4. The Sandwich Artist

       If you are unfamiliar with the term, the glorious title that dubs those hard workers on the other side of the glass at your local Subway is that of the Sandwich Artist. You can imagine my frustration in having the title on future job applications. Good luck being taken seriously. There was no artistry involved, although I thought I was considerate when making the sandwiches, filling the sandwich edge to edge, not being stingy with the veggies, you get the deal. I made it how I'd like to have it made for me. I learned a lot of muscle mechanics for making subs and cutting vegetables, and I got creative with my free six-inch sub I was guaranteed for each shift.  These kinds of skills helped me be slightly less helpless when it came to making food for myself.

       The job wasn't all that bad, if you don't take into consideration the measly $8.00 an hour I was being paid to do it. I met a lot of interesting people while working there, and got some funny stories out of it. I would walk there, as I lived only a few blocks away. I would guard myself with my keys between my fingers, or swung with the lanyard like a Celtic slammer. I remember once walking there, deciding to take the alley as it was most direct, and coming across two homeless men ahead arguing over their dumpster territory. It was one of those eye-opening experiences that rich people don't really have, and, if they do, they look upon the people with disgust rather than sympathy. None of those men, when asked as children what they want to be when they grow up, said, "I wanna fight over my dumpster in an alley!" Yet, there they were. They didn't seem to notice me, and I just continued on my way.
Image result for celtic slammer
Celtic slammer

       I started the job on a good note. On my first day, there was no bread. Well, there was, but it was frozen dough, hardly usable. It would be several hours before we could bake it. The bread came in hoards of frozen dough, each loaf shaped into a nearly foot-long pieces the girth of a sausage. These were places in the walk-in cooler the day before, and were baked by the opener the following day. The day before today, however, they were not taken out, so I got to enjoy a nice, relaxing day of doing hardly anything. It was supposed to be incredibly busy, being along High Street near campus on a home game day. Thankfully for my stress levels, rather than running around being trained during this chaos, I was instead met with a blunt at the backdoor. It was an excellent way to build camaraderie and a warm welcome for a new team member.

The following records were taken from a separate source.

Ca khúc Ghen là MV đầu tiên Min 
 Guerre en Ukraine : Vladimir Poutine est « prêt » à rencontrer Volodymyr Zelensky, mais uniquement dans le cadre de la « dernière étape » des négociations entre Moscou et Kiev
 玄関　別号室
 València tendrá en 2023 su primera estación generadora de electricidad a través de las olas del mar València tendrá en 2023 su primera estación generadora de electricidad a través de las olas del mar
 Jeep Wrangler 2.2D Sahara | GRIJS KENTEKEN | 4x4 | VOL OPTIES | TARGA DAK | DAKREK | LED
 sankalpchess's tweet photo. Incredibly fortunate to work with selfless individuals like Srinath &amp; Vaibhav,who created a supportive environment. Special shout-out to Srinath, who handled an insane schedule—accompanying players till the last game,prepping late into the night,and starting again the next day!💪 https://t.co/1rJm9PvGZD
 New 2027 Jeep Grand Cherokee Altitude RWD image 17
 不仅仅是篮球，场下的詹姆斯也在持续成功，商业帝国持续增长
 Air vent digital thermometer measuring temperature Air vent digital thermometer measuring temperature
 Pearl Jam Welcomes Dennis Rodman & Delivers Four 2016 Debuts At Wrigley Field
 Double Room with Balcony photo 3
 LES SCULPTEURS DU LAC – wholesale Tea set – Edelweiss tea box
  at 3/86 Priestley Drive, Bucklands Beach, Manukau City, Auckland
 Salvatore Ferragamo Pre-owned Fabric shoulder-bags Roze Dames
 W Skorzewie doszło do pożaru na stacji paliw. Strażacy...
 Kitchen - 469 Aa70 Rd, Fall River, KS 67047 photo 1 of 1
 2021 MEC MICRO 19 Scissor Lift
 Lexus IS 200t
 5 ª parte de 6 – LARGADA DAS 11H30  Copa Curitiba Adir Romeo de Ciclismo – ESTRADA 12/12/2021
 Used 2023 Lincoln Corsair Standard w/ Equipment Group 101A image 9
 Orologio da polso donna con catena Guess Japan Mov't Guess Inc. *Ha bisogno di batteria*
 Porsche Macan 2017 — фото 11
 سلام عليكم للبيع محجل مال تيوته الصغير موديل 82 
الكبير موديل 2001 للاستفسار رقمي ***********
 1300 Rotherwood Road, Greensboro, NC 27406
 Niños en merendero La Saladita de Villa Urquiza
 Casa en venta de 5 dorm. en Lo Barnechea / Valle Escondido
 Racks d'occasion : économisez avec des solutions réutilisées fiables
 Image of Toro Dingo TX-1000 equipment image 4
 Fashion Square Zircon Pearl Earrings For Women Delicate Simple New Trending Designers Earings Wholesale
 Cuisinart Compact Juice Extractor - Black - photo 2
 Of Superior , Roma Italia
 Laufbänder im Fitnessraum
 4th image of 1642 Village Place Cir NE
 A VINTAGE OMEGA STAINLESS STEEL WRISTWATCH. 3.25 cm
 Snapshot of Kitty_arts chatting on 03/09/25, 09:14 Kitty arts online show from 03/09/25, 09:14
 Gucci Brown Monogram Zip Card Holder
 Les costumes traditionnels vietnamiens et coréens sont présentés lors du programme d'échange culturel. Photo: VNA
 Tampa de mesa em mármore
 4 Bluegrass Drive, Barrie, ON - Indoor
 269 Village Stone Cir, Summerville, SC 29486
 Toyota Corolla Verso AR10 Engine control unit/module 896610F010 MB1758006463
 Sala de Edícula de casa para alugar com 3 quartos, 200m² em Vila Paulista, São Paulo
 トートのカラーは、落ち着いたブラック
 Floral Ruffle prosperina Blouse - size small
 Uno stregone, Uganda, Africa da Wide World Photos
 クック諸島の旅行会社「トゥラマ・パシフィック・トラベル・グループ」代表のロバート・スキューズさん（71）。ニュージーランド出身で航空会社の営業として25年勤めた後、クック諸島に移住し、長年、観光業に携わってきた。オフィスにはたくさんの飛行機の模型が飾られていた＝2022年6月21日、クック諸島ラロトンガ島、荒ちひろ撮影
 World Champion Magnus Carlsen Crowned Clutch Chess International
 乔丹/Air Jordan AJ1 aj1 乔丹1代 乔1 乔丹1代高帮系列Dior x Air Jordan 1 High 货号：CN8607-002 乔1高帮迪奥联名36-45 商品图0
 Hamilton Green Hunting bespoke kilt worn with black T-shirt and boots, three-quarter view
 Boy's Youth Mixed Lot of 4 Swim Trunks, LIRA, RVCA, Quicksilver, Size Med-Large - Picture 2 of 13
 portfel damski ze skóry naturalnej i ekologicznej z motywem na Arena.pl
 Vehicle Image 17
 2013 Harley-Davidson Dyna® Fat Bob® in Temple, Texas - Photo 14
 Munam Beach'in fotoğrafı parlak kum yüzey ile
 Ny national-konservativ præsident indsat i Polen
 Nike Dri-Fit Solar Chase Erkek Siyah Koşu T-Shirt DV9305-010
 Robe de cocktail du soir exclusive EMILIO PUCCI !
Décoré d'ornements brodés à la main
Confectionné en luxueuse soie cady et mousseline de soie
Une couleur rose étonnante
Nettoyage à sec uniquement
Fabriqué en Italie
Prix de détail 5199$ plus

       The day was otherwise uneventful, and we turned away nearly everyone who wanted a sandwich. We could, however, make flatbread sandwiches and salads, so I became pretty good at making those. Then, my favorite story of working at that place, graced me with its comedic perfection.

       We had made a sign for the door, simply stating, "We are out of bread." Short, sweet, and to the point— or so we thought. Eyebrows raised at the middle, head cocked, wrist horizontal, palm up, elbow glued to her waist, and forearm extended upwards at a forty-five degree angle, she sauntered in, not from a cartoon, but from the real world, just outside out doors. She was the Sherlock Holmes of her sorority, the Regina George of her high school, I was sure of it. If you've ever heard the voice, then you know. Part valley-girl, bougie white girl with an ever-so-slight lisping of the /s/, she confronts me.


"UM. I saw your sign but," an elongated /ʌ/ (uh), and a beat-long pause, "I don't get it."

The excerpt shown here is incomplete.